Dentro de la casi infinita serie de nomenclaturas y clasificaciones que han propuesto los locos y los sabios para describir la realidad, la de Karl Popper es la más transparente: el mundo primero es el de las cosas u objetos materiales; el segundo, el subjetivo y privado de las mentes, y el tercero, el de los productos del espíritu. La diferencia entre el segundo y el tercero radica en que aquél se compone de toda la subjetividad privada de cada individuo, las ideas, imágenes, sensaciones o sentimientos intransferibles de cada cual, en tanto que los productos del mundo tercero, aunque nacidos de la subjetividad individual, han pasado a ser públicos: las teorías científicas, las instituciones jurídicas, los principios éticos, los personajes de las novelas, el arte y, en suma, todo el acervo cultural.

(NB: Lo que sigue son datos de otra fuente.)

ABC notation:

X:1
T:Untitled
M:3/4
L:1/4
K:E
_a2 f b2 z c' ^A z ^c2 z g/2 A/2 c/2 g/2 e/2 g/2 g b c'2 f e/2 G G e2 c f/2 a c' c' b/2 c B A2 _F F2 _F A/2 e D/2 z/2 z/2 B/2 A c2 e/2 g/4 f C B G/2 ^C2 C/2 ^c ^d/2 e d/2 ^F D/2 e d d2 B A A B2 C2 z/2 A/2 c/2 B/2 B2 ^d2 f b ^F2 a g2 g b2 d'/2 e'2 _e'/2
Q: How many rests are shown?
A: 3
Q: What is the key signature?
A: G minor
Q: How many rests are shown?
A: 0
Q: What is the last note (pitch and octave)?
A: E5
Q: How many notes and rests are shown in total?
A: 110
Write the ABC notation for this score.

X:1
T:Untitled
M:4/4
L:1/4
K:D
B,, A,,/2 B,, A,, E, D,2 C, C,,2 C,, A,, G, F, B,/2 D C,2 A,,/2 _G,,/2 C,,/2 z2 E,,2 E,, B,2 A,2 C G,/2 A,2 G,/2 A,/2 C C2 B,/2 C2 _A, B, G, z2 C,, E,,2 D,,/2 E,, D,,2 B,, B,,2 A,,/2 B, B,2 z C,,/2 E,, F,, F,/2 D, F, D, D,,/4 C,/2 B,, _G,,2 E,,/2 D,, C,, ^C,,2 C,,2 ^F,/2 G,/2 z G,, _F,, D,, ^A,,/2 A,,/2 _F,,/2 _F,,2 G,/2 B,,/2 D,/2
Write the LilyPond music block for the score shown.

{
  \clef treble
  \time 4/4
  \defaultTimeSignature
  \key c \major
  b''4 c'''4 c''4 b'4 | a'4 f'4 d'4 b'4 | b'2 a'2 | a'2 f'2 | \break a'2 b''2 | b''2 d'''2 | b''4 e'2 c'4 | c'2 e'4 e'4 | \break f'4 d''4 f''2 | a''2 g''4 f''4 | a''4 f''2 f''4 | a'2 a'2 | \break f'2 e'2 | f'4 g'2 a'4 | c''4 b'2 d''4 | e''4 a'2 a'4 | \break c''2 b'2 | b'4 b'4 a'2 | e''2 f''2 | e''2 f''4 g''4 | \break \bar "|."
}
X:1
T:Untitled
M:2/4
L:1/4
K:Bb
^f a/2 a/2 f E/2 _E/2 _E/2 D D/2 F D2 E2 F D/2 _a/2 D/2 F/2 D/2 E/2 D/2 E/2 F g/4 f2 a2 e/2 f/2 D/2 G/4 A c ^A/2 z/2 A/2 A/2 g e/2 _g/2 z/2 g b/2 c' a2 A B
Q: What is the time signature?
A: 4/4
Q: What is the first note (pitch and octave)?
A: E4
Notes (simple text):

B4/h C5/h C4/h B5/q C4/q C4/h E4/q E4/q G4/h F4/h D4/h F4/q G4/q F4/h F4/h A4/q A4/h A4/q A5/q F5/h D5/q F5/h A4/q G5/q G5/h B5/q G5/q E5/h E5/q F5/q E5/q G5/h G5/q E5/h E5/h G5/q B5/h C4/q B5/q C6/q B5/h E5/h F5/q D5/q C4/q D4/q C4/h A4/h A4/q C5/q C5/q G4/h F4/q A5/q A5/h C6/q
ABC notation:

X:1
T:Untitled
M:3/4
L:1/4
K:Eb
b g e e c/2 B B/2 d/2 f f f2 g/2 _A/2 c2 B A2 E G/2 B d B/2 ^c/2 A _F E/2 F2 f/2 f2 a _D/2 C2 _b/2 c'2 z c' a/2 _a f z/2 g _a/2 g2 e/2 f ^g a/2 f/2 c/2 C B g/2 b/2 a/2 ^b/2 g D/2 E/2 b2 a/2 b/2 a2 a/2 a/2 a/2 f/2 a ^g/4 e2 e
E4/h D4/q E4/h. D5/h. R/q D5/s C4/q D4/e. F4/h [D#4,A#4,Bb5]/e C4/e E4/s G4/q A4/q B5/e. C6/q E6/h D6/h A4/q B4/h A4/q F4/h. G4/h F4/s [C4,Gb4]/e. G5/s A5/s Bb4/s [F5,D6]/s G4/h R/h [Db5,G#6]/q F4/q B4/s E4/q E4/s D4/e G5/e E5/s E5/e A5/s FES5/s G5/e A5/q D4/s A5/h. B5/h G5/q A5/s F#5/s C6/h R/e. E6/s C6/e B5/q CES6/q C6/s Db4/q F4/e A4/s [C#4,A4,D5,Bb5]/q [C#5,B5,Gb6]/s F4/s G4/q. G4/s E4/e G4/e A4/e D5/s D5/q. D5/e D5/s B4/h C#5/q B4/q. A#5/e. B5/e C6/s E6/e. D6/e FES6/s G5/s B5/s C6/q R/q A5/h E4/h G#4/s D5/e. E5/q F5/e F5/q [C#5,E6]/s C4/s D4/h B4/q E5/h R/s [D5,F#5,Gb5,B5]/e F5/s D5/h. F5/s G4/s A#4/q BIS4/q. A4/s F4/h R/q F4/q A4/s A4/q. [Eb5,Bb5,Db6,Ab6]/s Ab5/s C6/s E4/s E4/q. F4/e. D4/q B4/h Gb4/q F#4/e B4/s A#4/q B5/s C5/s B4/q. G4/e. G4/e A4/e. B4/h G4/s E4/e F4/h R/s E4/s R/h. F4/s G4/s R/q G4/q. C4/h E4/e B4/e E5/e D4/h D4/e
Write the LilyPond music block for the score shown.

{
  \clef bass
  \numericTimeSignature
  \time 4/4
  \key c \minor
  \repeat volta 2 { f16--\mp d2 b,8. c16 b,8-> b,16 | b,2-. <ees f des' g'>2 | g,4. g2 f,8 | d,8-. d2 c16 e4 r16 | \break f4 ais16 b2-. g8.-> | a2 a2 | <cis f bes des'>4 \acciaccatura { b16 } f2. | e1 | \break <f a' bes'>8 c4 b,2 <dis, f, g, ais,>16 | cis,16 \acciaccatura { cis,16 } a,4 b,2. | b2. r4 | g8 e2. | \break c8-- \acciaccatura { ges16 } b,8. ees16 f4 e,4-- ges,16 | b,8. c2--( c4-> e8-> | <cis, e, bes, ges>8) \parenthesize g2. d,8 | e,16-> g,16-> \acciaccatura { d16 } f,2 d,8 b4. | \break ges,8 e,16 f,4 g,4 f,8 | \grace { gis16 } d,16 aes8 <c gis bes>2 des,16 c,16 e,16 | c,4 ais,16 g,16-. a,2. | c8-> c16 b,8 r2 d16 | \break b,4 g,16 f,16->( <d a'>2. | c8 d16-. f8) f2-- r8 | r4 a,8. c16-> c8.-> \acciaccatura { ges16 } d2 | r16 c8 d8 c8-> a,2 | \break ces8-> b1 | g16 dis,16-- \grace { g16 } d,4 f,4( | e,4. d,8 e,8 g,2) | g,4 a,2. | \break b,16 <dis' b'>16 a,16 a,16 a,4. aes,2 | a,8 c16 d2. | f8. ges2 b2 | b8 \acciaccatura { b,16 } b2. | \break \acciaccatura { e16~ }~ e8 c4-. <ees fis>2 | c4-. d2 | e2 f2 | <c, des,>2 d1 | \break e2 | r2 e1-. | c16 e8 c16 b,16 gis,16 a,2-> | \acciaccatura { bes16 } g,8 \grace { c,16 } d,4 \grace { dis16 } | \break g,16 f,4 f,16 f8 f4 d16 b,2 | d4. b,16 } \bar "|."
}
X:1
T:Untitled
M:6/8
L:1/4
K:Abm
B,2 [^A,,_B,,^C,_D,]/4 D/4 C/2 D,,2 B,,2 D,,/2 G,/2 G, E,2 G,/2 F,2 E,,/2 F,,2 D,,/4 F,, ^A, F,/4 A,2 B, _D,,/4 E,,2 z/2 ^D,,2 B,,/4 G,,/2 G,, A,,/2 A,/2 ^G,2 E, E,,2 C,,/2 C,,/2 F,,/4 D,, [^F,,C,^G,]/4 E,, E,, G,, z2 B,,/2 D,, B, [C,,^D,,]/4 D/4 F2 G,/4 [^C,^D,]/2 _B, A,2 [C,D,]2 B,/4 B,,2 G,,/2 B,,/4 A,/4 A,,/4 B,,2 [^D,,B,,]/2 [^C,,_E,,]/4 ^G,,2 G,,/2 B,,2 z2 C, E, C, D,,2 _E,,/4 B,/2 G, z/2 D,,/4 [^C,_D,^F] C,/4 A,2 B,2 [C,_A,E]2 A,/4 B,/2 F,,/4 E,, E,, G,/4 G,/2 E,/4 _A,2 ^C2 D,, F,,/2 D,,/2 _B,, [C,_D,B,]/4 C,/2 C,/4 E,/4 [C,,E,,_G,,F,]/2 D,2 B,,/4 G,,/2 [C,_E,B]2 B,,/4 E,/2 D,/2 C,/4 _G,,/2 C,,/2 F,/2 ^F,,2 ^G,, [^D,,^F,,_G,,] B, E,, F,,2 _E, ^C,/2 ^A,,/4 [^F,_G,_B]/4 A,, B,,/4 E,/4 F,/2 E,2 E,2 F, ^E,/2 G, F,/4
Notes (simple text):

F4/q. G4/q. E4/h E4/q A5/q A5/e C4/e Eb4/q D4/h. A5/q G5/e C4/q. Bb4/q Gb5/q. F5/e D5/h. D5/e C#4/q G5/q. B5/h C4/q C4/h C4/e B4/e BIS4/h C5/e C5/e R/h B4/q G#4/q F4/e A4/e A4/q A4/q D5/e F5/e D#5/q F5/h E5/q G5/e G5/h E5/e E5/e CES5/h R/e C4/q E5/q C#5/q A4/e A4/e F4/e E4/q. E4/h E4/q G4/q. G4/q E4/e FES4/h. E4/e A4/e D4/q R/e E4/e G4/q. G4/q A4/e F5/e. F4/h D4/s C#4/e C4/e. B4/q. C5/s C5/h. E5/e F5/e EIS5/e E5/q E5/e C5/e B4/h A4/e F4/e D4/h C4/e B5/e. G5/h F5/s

No es descabellado suponer que en el estadio más primitivo de la civilización es el mundo primero el que regula la existencia. Ésta se organiza en función de la fuerza bruta o los rigores de la naturaleza -el rayo, la sequía, las garras del león-, ante los cuales el hombre es impotente. En la sociedad tribal, la del animismo y la magia, la frontera entre los mundos segundo y tercero es muy tenue y se evapora continuamente, pues el jefe o autoridad religiosa (casi siempre la misma persona) hace prevalecer su subjetividad, ante la cual sus súbditos abdican de la suya. De otro lado, el mundo tercero permanece casi estático; la vida de la tribu transcurre dentro de una estricta rutina, de reglas y creencias que velan por la permanencia y la repetición de lo existente. Su rasgo principal es el horror al cambio. Toda innovación es percibida como amenaza y anuncio de la invasión de esas fuerzas exteriores de las que sólo puede venir el aniquilamiento, la disolución en el caos de esa placenta social a la que el individuo vive asido, con todo su miedo y desamparo, en busca de seguridad. El individuo es, dentro de esa colmena, irresponsable y esclavo, una pieza que se sabe irreparablemente unida a otras, en la máquina social que le preserva la existencia y lo defiende contra el ejército de enemigos y peligros que lo acechan fuera de esa ciudadela erizada de prescripciones reguladoras de todos sus actos y sus sueños: la vida tribal.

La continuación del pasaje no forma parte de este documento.